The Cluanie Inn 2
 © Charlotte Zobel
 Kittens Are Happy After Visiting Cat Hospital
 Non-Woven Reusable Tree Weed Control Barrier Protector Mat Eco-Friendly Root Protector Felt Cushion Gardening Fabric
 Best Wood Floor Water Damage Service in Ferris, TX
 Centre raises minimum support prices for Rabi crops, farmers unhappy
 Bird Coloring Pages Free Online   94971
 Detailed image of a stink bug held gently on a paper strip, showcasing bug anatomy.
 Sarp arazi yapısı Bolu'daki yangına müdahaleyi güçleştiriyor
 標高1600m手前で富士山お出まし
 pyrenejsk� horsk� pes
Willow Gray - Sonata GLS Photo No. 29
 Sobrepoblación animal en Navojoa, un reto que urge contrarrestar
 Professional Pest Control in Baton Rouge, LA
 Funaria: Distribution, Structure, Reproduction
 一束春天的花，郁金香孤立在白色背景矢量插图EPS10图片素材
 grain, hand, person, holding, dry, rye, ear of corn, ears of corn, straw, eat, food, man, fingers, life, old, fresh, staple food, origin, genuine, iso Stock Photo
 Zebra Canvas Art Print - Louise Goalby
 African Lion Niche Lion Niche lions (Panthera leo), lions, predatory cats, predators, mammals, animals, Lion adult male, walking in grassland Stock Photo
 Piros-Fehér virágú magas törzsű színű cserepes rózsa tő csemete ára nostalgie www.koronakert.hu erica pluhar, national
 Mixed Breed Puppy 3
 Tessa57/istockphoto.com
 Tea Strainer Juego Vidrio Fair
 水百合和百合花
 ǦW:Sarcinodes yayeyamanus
-=-=-
Prompt: Exactly as written, output all of the entries.

Exercise output:
The Cluanie Inn 2
 © Charlotte Zobel
 Kittens Are Happy After Visiting Cat Hospital
 Non-Woven Reusable Tree Weed Control Barrier Protector Mat Eco-Friendly Root Protector Felt Cushion Gardening Fabric
 Best Wood Floor Water Damage Service in Ferris, TX
 Centre raises minimum support prices for Rabi crops, farmers unhappy
 Bird Coloring Pages Free Online   94971
 Detailed image of a stink bug held gently on a paper strip, showcasing bug anatomy.
 Sarp arazi yapısı Bolu'daki yangına müdahaleyi güçleştiriyor
 標高1600m手前で富士山お出まし
 pyrenejsk� horsk� pes
Willow Gray - Sonata GLS Photo No. 29
 Sobrepoblación animal en Navojoa, un reto que urge contrarrestar
 Professional Pest Control in Baton Rouge, LA
 Funaria: Distribution, Structure, Reproduction
 一束春天的花，郁金香孤立在白色背景矢量插图EPS10图片素材
 grain, hand, person, holding, dry, rye, ear of corn, ears of corn, straw, eat, food, man, fingers, life, old, fresh, staple food, origin, genuine, iso Stock Photo
 Zebra Canvas Art Print - Louise Goalby
 African Lion Niche Lion Niche lions (Panthera leo), lions, predatory cats, predators, mammals, animals, Lion adult male, walking in grassland Stock Photo
 Piros-Fehér virágú magas törzsű színű cserepes rózsa tő csemete ára nostalgie www.koronakert.hu erica pluhar, national
 Mixed Breed Puppy 3
 Tessa57/istockphoto.com
 Tea Strainer Juego Vidrio Fair
 水百合和百合花
 ǦW:Sarcinodes yayeyamanus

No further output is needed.